Only the pictures are dropped. Restate each line below word for word.

# RECORDS SHOWN:
[Start of section]

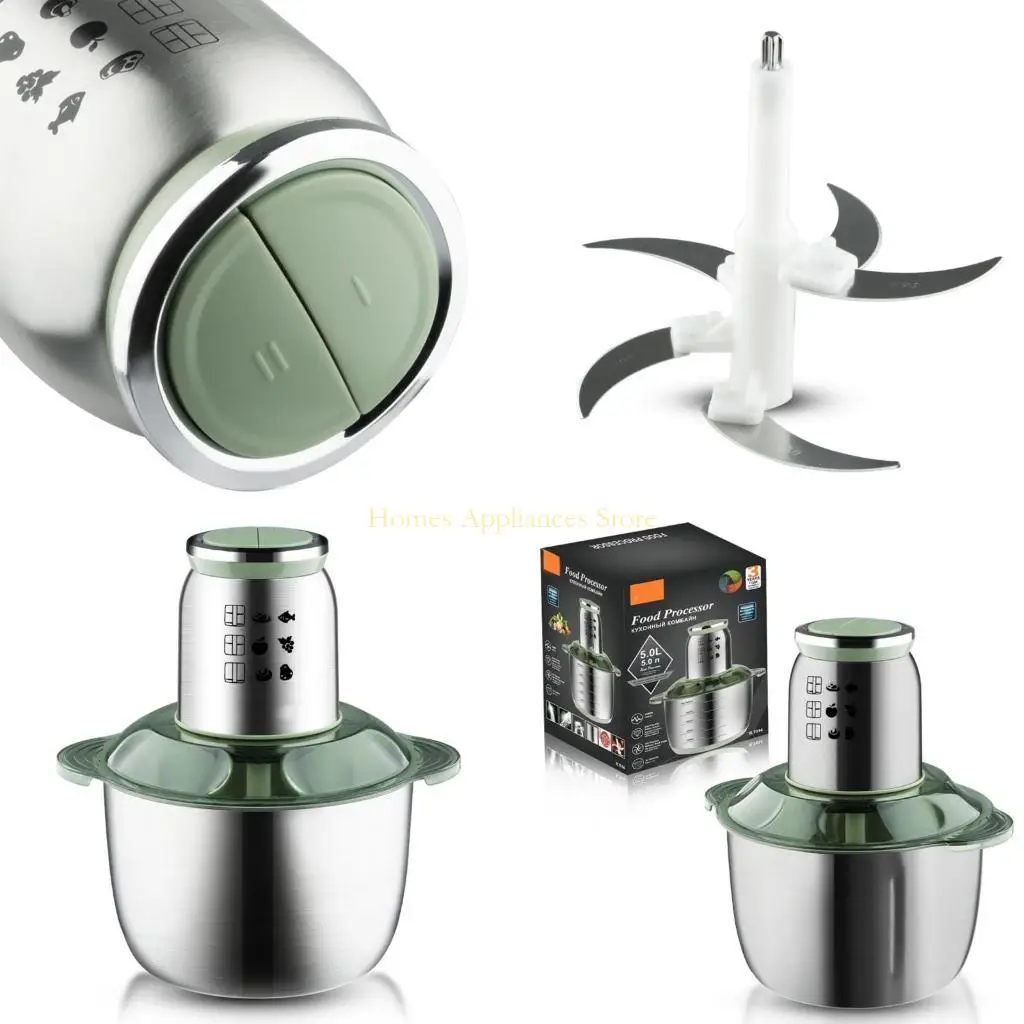 D0AB 5L طاحونة طاحونة المطبخ المطبخ الكهربائي معالج الطعام الخضار مروحية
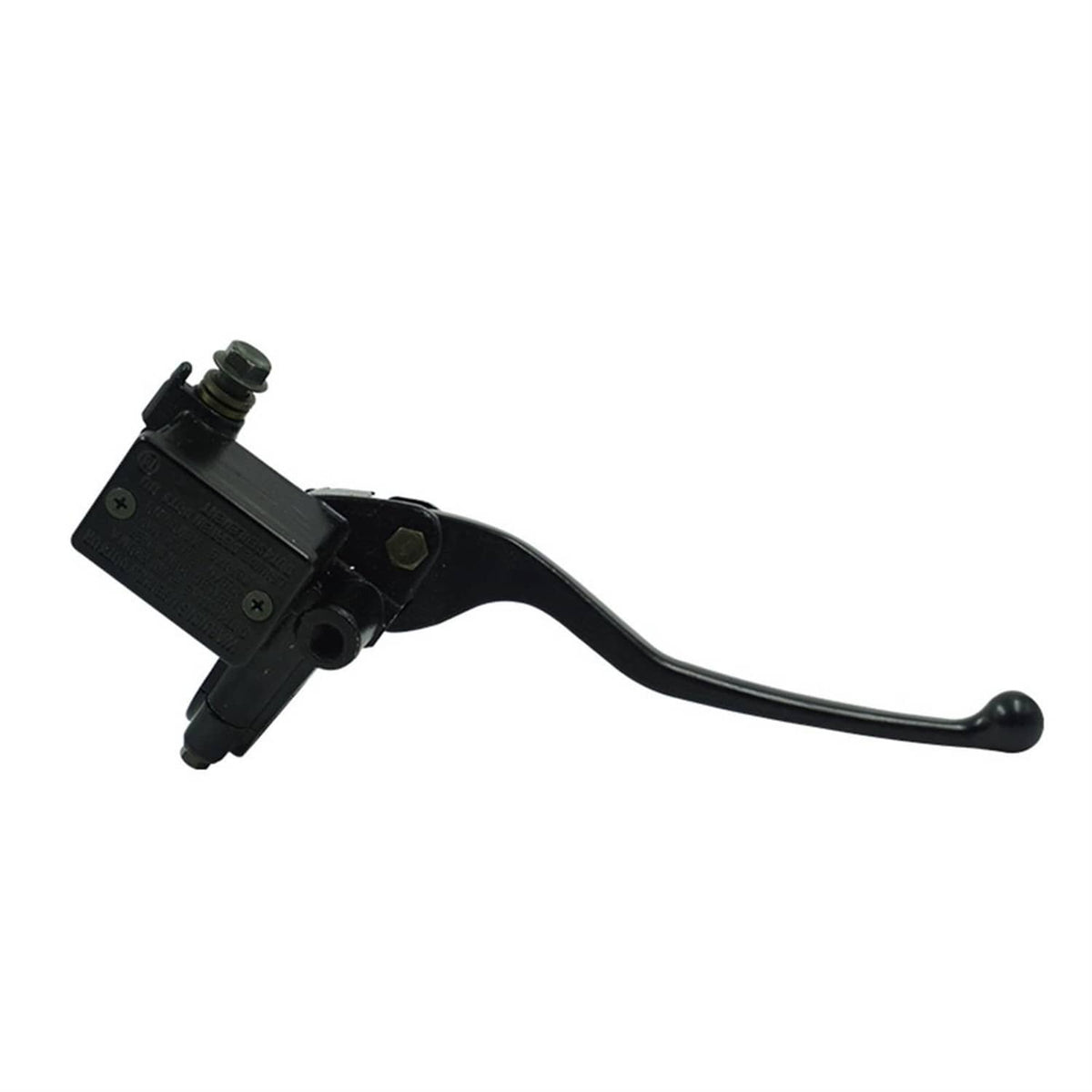 Black front brake master cylinder lever with angled mounting bracket and pivot bolt
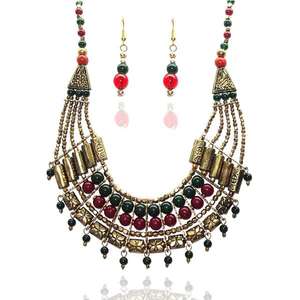 Collier de perles plaqué or antique multicolore, ensemble de bijoux fantaisie élégants en alliage de zinc pour fêtes et occasions spéciales 1103405 - Product Image 1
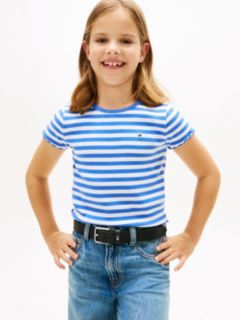 Essential Ruffle Ribbed Extra Slim Top — Blue 1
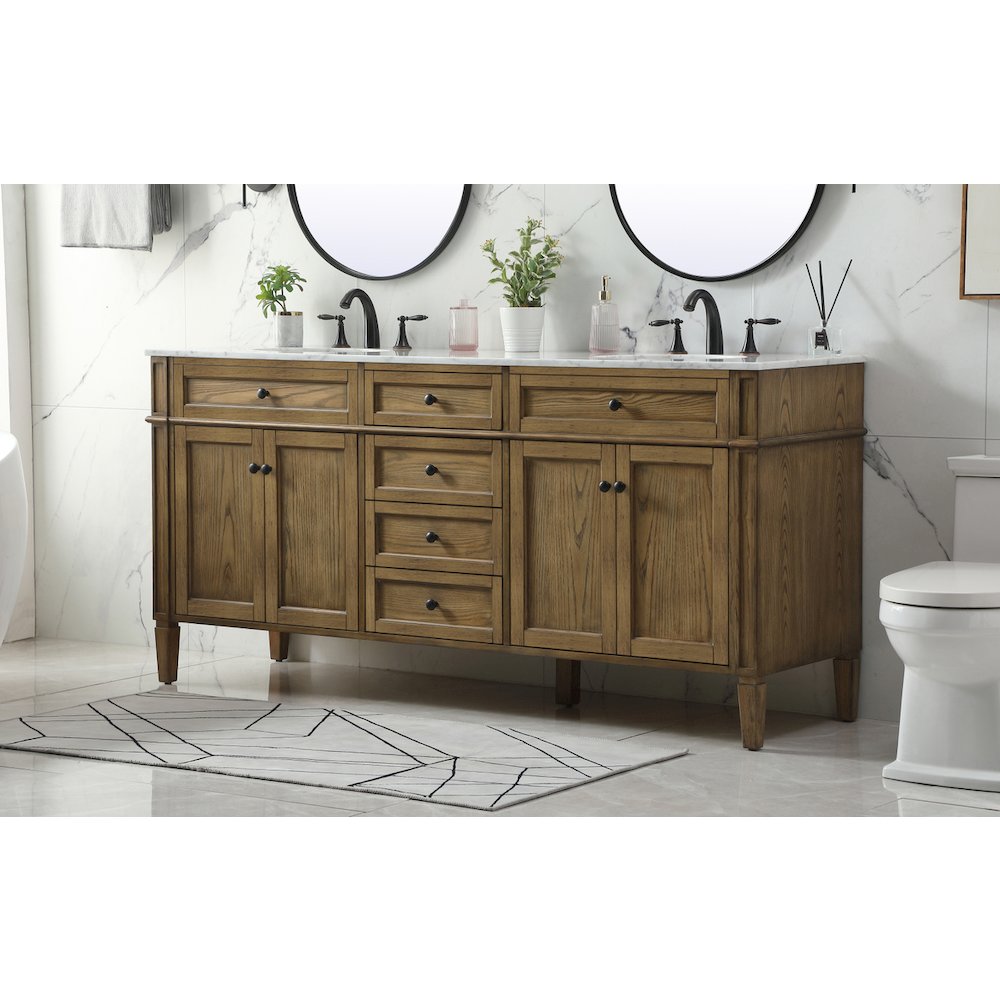 72 inch double bathroom vanity in driftwood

[End of section]

# ANSWER SPACE:
 D0AB 5L طاحونة طاحونة المطبخ المطبخ الكهربائي معالج الطعام الخضار مروحية
 Black front brake master cylinder lever with angled mounting bracket and pivot bolt
 Collier de perles plaqué or antique multicolore, ensemble de bijoux fantaisie élégants en alliage de zinc pour fêtes et occasions spéciales 1103405 - Product Image 1
 Essential Ruffle Ribbed Extra Slim Top — Blue 1
 72 inch double bathroom vanity in driftwood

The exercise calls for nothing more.